Chemotherapy Regimen/Agents.

Authors	Chemotherapy Regimen/Agents
Adem et al. [1]	No chemotherapy was given
Hu et al. [11]	Cyclophosphamide + Doxorubicin
Kim et al. [12]	Adriamycin + Ifosfamide or Etoposide + Ifosfamide (for pediatric patients) followed by Paclitaxel or Adriamycin + Cyclophosphamide
Kuba et al. [13]	Gemcitabine + Docetaxel (one case explicitly mentioned; other regimens not specified)
McClelland et al. [15]	Not reported
Merino et al. [10]	Not reported
Nascimento et al. [16]	Not reported
Shet et al. [17]	No chemotherapy was given
Tian et al. [18]	Doxorubicin + Ifosfamide + Dacarvazine +/− Mesna or Taxane with Gemcitabine/Doxorubicin
Wang et al. [19]	Not reported
Masai et al. [14]	Adriamycin + Ifosfamide + Dacarbazine + modified Mesna

Open in a new tab

3.3. Risk of Bias

Based on the Newcastle–Ottawa Scale assessment detailed in Table 5, the overall risk of bias across the included studies was low to moderate.
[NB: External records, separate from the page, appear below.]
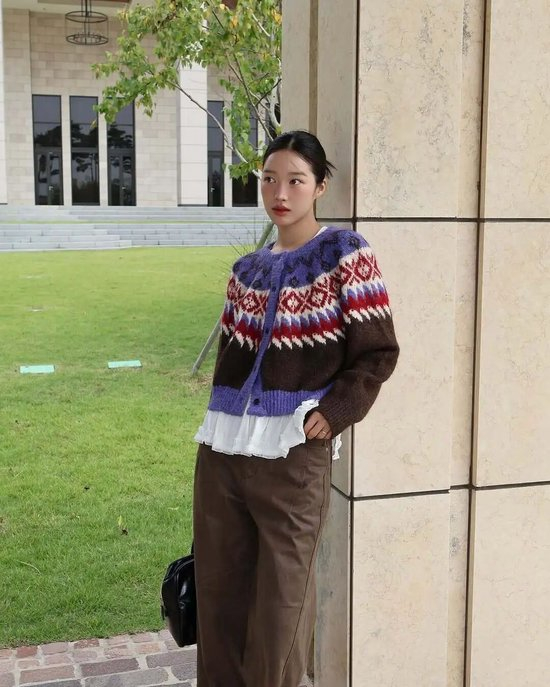 _一件最基础百搭的时尚单品,能撑过3个季节?_一件最基础百搭的时尚单品,能撑过3个季节?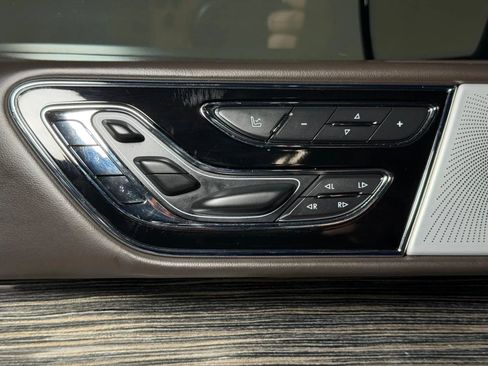 Used 2019 Lincoln Navigator Black Label w/ Cargo Package AWD/4WD image 31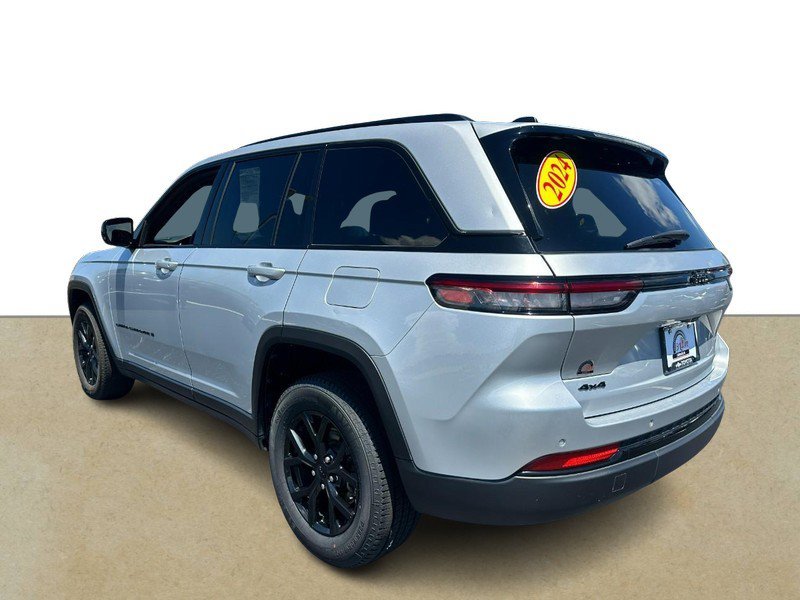 Used 2024 Jeep Grand Cherokee Altitude AWD/4WD image 8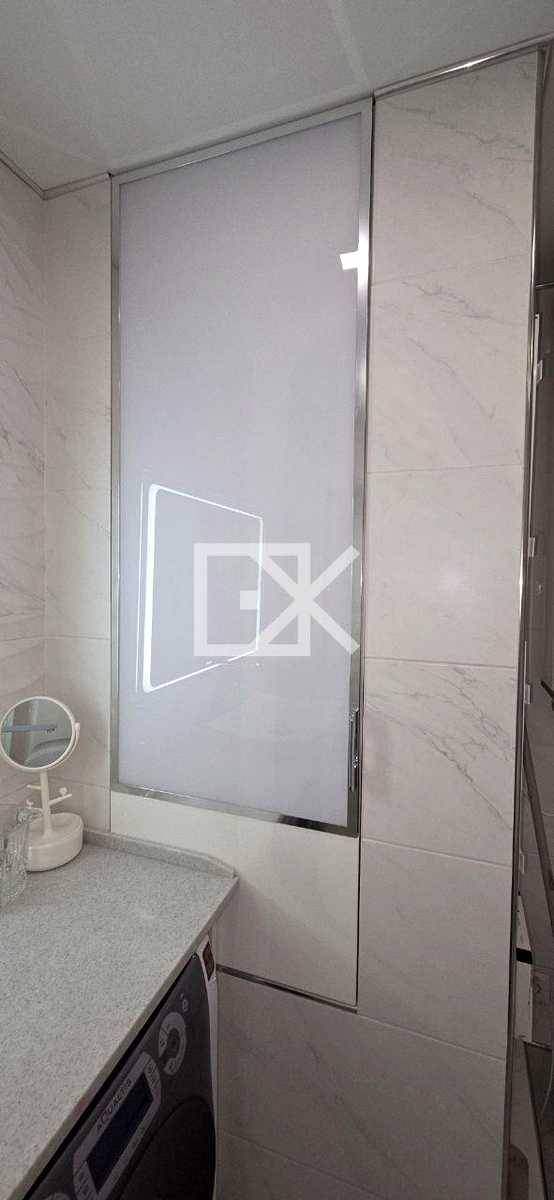 1876468570496549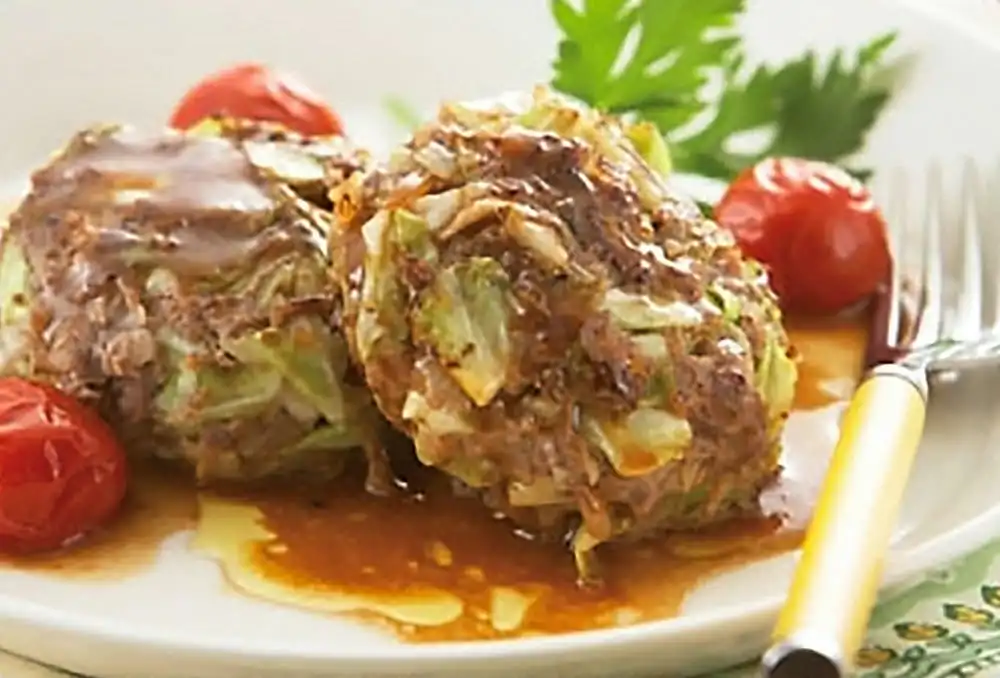 キャベツたっぷり煮込みバーグ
The majority of studies (9 out of 11) received a high-quality score of 8 or 9 stars, indicating sound methodological quality in the domains of selection, comparability, and outcome. Two studies, by Kuba et al. [13] and Shet et al. [17], achieved the maximum score of 9 stars, primarily due to superior control for confounding factors in the comparability domain. A single study, Merino et al. [10], received a slightly lower score of 7 stars, as it was marked down in the ‘Representativeness of the Exposed Cohort’ category, suggesting the study sample may not have been fully representative of the average PAB patient. Consequently, the body of evidence synthesized in this meta-analysis can be considered robust, with minimal concern that the overall conclusions are substantially compromised by systematic bias within the primary studies.

Table 5.

Risk of Bias/Quality Assessment.

Authors	Representativeness of the Exposed Cohort (0–1)	Selection of the Non-Exposed Cohort (0–1)	Ascertainment of Exposure (0–1)	Demonstration That Outcome of Interest Was Not Present at Start of Study (0–1)	Comparability of Cohorts on the Basis of the Design or Analysis (0–2)	Assessment of Outcome (0–1)	Was Follow-Up Long Enough for Outcomes to Occur (0–1)	Adequacy of Follow-Up of Cohorts (0–1)	Total Score (0–9)
Tian et al. [18]	1	1	1	1	1	1	1	1	8
Kim et al. [12]	1	1	1	1	1	1	1	1	8
Hu et al. [11]	1	1	1	1	1	1	1	1	8
Kuba et al. [13]	1	1	1	1	2	1	1	1	9
Merino et al. [10]	0	1	1	1	1	1	1	1	7
Nascimento et al. [16]	1	1	1	1	1	1	1	1	8
Adem et al. [1]	1	1	1	1	1	1	1	1	8
Wang et al. [19]	1	1	1	1	1	1	1	1	8
McClelland et al. [15]	1	1	1	1	1	1	1	1	8
Masai et al. [14]	1	1	1	1	1	1	1	1	8
Shet et al. [17]	1	1	1	1	2	1	1	1	9

Open in a new tab

3.4. Results of Individual Studies

3.4.1. OS in Relation to Grading

Six studies [10,11,12,13,16,19] provided sufficient details on overall survival (OS) stratified by tumor grade, making a meta-analysis feasible.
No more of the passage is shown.